▸ **Problem details**:
A word-for-word copy of the following listing is needed. Leave out its images.

▸ **Source material**:
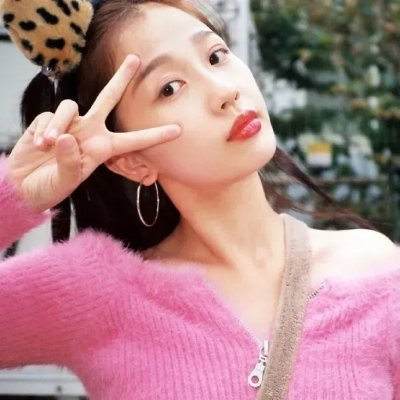 伊娜:初生之犊 封面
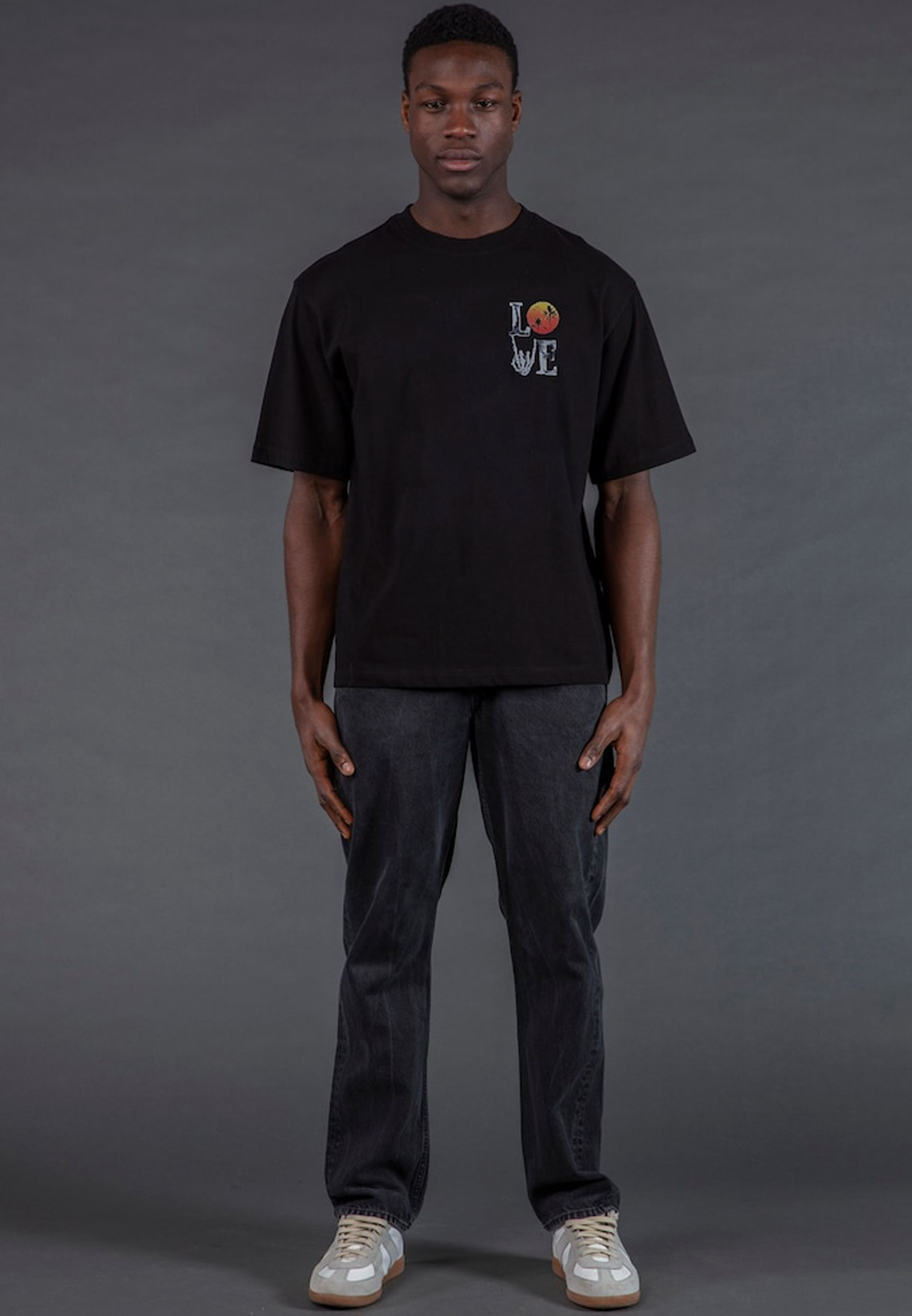 SUMMER LOVE OVERSIZED T-SHIRT BLACK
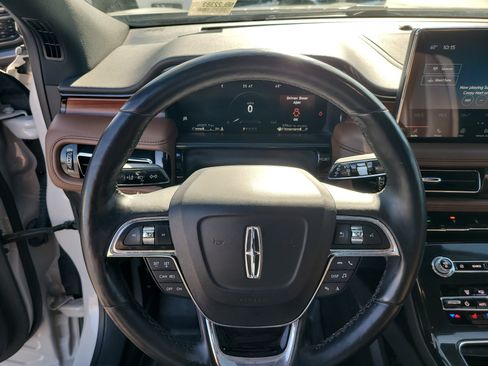 Used 2022 Lincoln Nautilus Reserve w/ Luxury Package image 25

▸ **Answer**:
 伊娜:初生之犊 封面
 SUMMER LOVE OVERSIZED T-SHIRT BLACK
 Used 2022 Lincoln Nautilus Reserve w/ Luxury Package image 25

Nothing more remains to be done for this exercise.